Bewusstsein ist doch das schlechthin Gesetzte, von dem wir ausgehen müssen. Ob wir den Bestand einer gemeinschaftlich geteilten Außenwelt rechtfertigen können, ist schon eher die Frage, auch wenn dies m.E. der Fall ist. Bewusstsein ist das, was uns erkennen und schließen lässt. Das nachträglich zu einer Theorie umzubauen, in der das Bewusstsein wieder marginalisiert wird, erscheint mir sinnlos, weil dabei nur herauskäme, dass wir uns mit dem „Ding“, anhand dessen wir uns Welt erklären, diese nicht erklären können und die vermeintlich bessere Theorie wäre dann hoch umständlich erklärt vor allem wieder mal nicht viel.

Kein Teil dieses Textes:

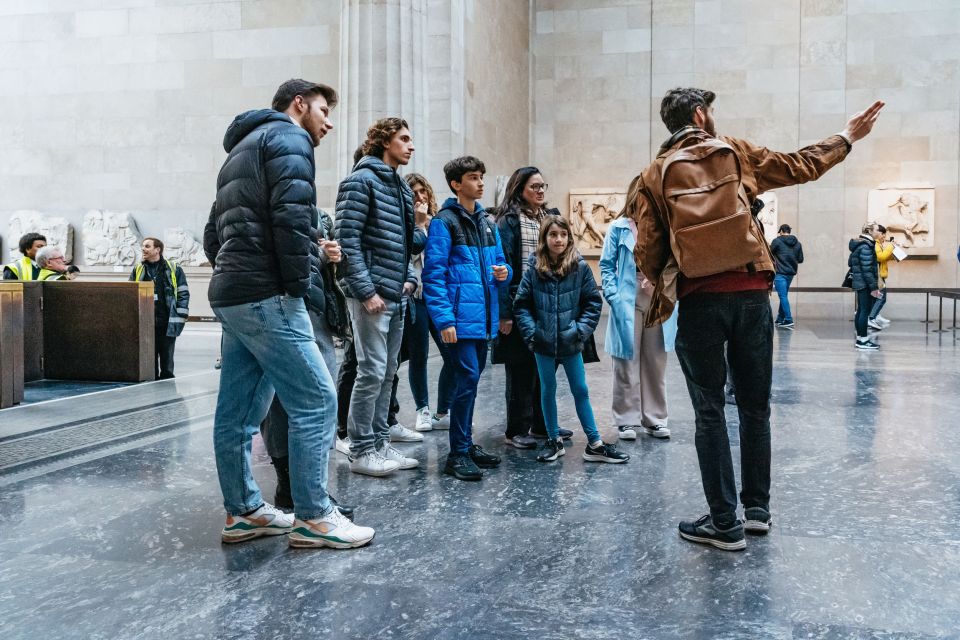 London: British Museum Guided Tour - Why a British Museum guided tour works so well in 2 hours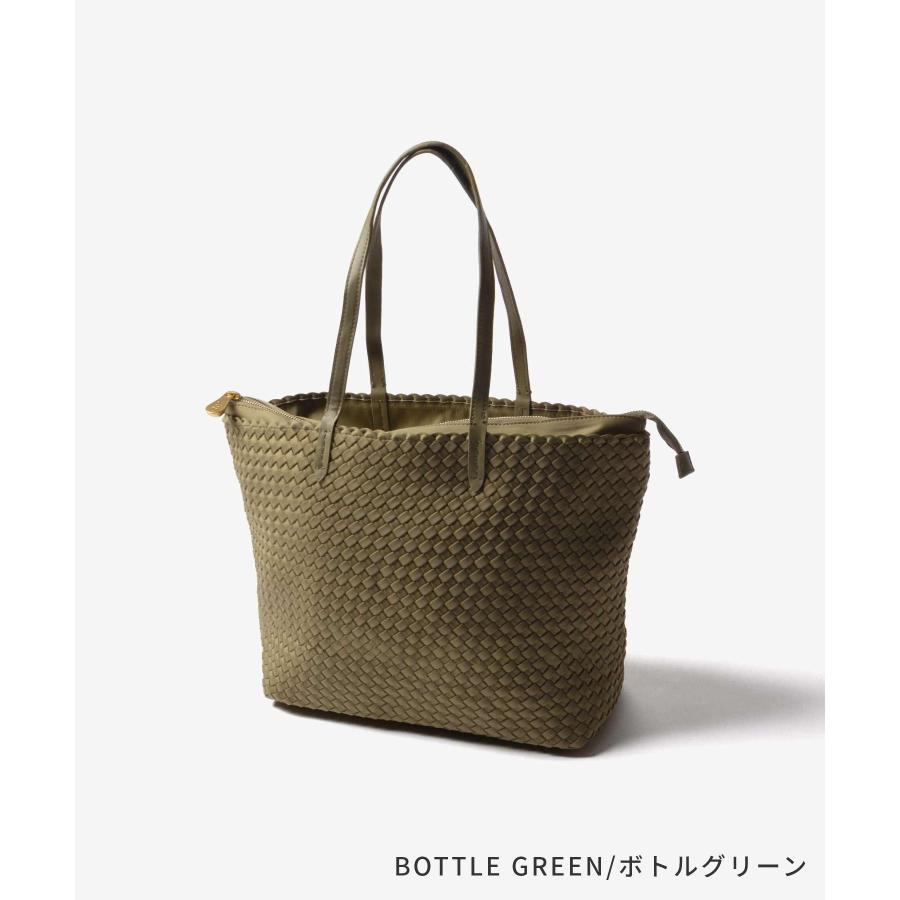 ナゲディ NAGHEDI Jetsetter Small Tote ジェットセッター スモールトート SN52012LD トートバッグ レディース バッグ メッシュ ネオプレン 編み込み | NAGHEDI | 06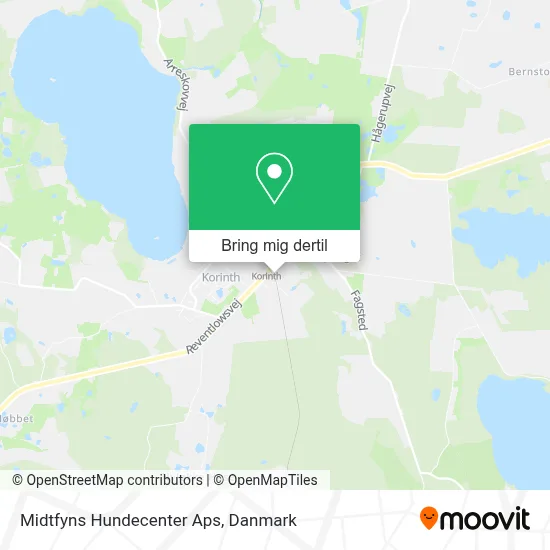 Midtfyns Hundecenter Aps kort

Es würde auf irgendeine Form der Hirnaktivität hinauslaufen, die einerseits in ihren Tiefen die Eindrücke der Welt verarbeitet, andererseits so ein epiphänomenales Ich zur Verfügung stellt, in dem fertige Ergebnisse ankommen, zu dem Zweck, damit das projizierte Ich sich wohl fühlt und die Welt versteht, auch wenn dieses ganze Segment, ohne weiteren Einfluss auf die Welt bliebe.



„Die Tiere machen einen ja nachdenklich. Wir gehen doch noch außerdem zum Friseur u. begaunern die Kundschaft, sonst alles ebenso. Sich lausen u. wichsen, – Kinder, Kinder! Das nennt sich Schöpfung!“ (Gottfried Benn, im Brief, nach Zoobesuch der Affen)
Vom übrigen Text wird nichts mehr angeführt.